Supplemental Figure 5; related to Fig. 7: STLC and paclitaxel do not cause widespread phosphatidylserine exposure after 24 hours, and mitotic inhibitors increased the population of Raji cells in S/G2/M.

(A) SKOV3 cells were treated with STLC or paclitaxel for 20 hours, then stained with annexin to measure phosphatidylserine exposure, as an indicator of apoptosis. As a positive control, cells were treated with 250 μM H202 to induce apoptosis. Flow cytometry plots show a representative experiment. Graph depicts the percent annexin positive cells with each dot representing an independent replicate. (B) FUCCI Raji cells were treated with STLC or paclitaxel for 20 hours, then the samples were run in flow cytometry to verify mitotic inhibition. FUCCI Raji cells will appear mCh+ when undergoing mitosis, however this mCh+ population is cumulative of S/G1/M. The mCh+ population has been presented in this graph. Data in A and B was compared using one-way ANOVA with Holm-Sidak multiple comparison correction. N = 4 independent experiments.
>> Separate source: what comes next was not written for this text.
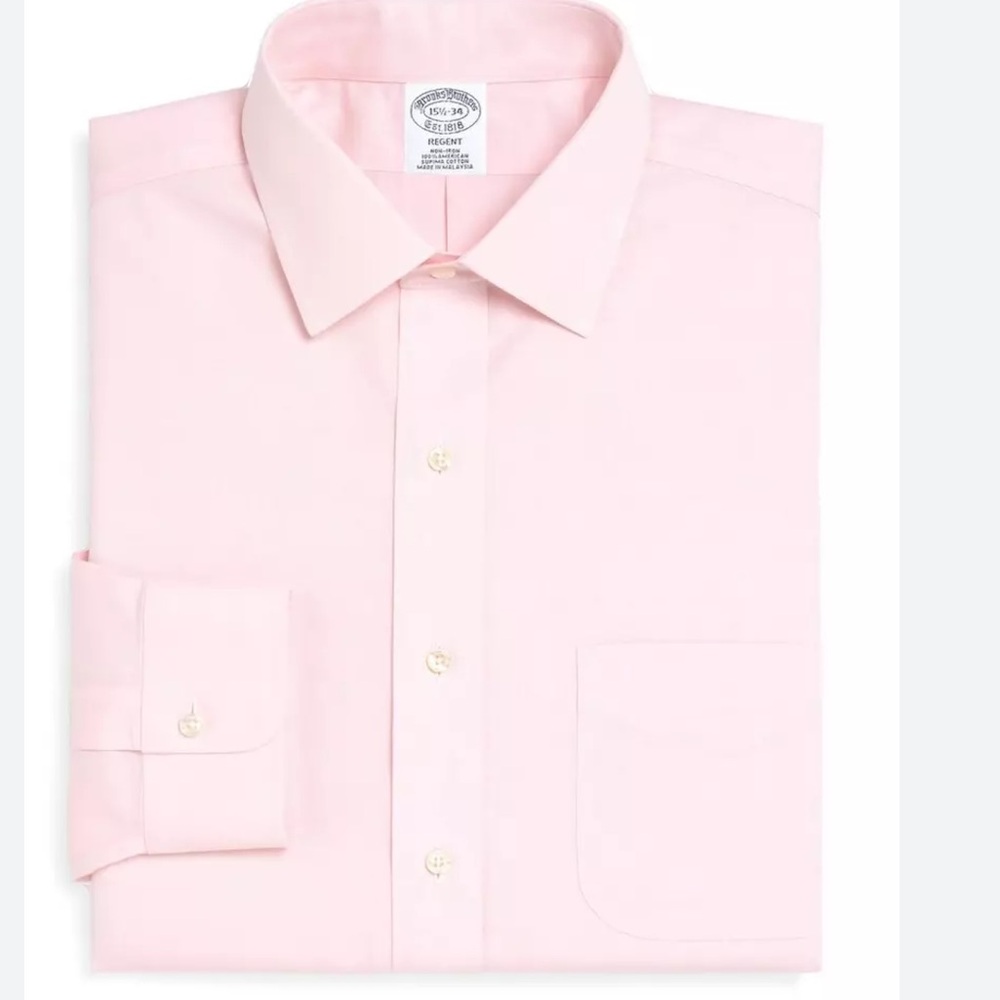 Brooks Brother Regent Fit Pink Shirt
Bars represent the mean ± SEM. **** denotes p<0.00005.

S4

Supplemental Figure 4; related to Fig 5: Adhesion of SKOV3 limits phagocytosis, and validation of integrin knockouts

(A) SKOV3 cells (red) labeled with mCherry-CAAX were incubated with Her2 CAR GFP macrophages (green) and phagocytosis was measured during a 10 hour timelapse. Schematic shows the experimental set up with suspended SKOV3 cells and adherent macrophages, adherent SKOV3 cells and suspended macrophages, or with both cells in suspension at the start of the timelapse. Data was compared using one-way ANOVA with Holm-Sidak multiple comparison correction. N = 3 independent experiments. Bars represent the mean ± SEM. Data collected on the same day is annotated with the same shape point. * denotes p<0.05. (B) SKOV3 cells were infected with a lentiviral construct encoding puromycin resistance, Cas9 and an sgRNA targeting ITGAV, ITGB1, ITGB5 or a non-targeting control. After puromycin selection, the polyclonal cell line was stained with an antibody targeting the relevant integrin subunit or an isotype control.

Data Availability

The data underlying Fig. 2 are available in the online supplemental material. All other data is available from the corresponding author upon reasonable request.